Chuck Tuffli [Sun, 30 Jan 2022 07:09:10 +0000 (23:09 -0800)]
bhyve nvme: Update v1.4 Identify Controller data
Compliant v1.4 Controllers must report a Controller Type (CNTRLTYPE).
Also, do not advertise secure erase functionality in the Format NVM
Attributes field of the Identify Controller data structure as the
Controller does not implement secure erase.
Chuck Tuffli [Sun, 30 Jan 2022 07:08:47 +0000 (23:08 -0800)]
bhyve nvme: Add Temperature Threshold support
This adds the ability for a guest OS to send Set / Get Feature,
Temperature Threshold commands. The implementation assumes a constant
temperature and will generate an Asynchronous Event Notification if the
specified threshold is above/below this value. Although the
specification allows 9 temperature values, this implementation only
implements the Composite Temperature.
While in the neighborhood, move the clear of the CSTS register in the
reset function after all other cleanup. This avoids a race with the
guest thinking the reset is complete (i.e. CSTS.RDY = 0) before the NVMe
emulation is actually complete with the reset.

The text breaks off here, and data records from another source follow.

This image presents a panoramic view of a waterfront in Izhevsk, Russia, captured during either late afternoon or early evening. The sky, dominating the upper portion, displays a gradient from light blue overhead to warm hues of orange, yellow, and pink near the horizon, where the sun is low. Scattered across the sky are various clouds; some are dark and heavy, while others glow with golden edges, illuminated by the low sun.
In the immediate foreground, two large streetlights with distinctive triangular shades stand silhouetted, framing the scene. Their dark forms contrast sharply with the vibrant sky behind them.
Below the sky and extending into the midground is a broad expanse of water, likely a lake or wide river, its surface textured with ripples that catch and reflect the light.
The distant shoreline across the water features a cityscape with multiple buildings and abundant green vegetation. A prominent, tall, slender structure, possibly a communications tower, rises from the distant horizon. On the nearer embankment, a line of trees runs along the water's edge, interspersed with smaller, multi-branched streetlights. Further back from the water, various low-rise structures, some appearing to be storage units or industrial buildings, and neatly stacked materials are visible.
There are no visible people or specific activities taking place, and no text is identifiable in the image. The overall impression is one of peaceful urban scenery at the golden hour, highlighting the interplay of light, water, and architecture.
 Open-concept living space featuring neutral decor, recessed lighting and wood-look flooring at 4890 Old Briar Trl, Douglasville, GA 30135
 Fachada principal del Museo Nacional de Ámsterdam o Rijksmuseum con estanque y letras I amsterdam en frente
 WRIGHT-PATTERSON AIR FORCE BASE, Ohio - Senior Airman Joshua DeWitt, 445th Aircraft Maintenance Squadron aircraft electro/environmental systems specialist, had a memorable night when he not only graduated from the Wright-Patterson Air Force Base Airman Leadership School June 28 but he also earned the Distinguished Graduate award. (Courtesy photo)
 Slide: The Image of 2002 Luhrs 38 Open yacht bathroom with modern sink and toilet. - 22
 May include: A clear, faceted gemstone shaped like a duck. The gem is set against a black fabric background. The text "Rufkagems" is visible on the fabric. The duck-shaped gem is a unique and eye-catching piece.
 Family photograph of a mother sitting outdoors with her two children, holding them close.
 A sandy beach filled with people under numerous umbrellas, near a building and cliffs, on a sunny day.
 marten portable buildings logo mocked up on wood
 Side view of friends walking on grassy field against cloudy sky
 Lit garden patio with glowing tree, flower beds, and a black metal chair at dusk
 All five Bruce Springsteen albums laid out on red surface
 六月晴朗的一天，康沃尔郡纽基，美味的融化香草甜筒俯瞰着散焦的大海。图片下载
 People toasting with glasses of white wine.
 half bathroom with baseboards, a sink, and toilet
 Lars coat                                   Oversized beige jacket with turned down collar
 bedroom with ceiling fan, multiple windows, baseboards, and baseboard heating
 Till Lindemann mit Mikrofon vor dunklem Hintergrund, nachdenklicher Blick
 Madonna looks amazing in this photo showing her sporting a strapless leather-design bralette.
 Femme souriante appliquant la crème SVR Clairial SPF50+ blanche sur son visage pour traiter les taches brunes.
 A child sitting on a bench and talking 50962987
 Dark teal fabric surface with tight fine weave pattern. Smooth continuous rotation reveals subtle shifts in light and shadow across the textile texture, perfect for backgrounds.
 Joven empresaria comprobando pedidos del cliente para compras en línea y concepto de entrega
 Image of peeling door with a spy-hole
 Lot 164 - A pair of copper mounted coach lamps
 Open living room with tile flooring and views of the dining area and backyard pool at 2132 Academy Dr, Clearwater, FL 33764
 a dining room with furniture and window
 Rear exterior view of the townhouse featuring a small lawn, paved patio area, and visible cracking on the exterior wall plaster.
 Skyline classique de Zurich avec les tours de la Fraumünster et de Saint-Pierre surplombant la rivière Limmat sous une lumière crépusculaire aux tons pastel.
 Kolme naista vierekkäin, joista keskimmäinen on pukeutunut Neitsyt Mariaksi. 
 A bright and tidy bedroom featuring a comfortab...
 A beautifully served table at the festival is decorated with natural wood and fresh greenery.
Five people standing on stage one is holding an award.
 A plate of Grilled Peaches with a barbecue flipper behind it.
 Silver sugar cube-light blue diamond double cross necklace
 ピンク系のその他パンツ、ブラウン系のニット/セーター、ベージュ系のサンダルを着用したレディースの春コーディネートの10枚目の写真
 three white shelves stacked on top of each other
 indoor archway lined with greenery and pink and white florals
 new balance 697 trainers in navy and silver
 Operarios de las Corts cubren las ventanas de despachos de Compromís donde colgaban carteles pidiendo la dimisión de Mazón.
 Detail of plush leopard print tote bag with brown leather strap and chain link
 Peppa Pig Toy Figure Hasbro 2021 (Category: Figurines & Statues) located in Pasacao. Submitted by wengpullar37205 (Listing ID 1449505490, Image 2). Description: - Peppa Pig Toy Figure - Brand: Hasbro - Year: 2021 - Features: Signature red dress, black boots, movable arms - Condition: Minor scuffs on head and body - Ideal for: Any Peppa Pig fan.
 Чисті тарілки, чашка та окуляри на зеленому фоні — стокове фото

Chuck Tuffli [Sun, 30 Jan 2022 07:07:29 +0000 (23:07 -0800)]
bhyve nvme: Remove redundant AER Limit checks
The NVMe emulation checked if the Asynchronous Event Request Limit
(a.k.a AERL) would be exceeded in pci_nvme_aer_add(), but this function
is only called from nvme_opc_async_event_req() which also checks for
exceeding the AERL.
Chuck Tuffli [Sun, 30 Jan 2022 07:05:58 +0000 (23:05 -0800)]
bhyve nvme: Fix NVM Format completion status
The NVM Format command is unique among the Admin commands in that it
needs to finish asynchronously. For this reason, the emulation code
invented a synthetic completion status (NVME_NO_STATUS) to indicate that
the command was still in progress and the command processing loop should
not generate a completion message. The implementation used the value
0xffff for the synthetic value as this set both the Status Code and
Status Code Type fields to reserved values.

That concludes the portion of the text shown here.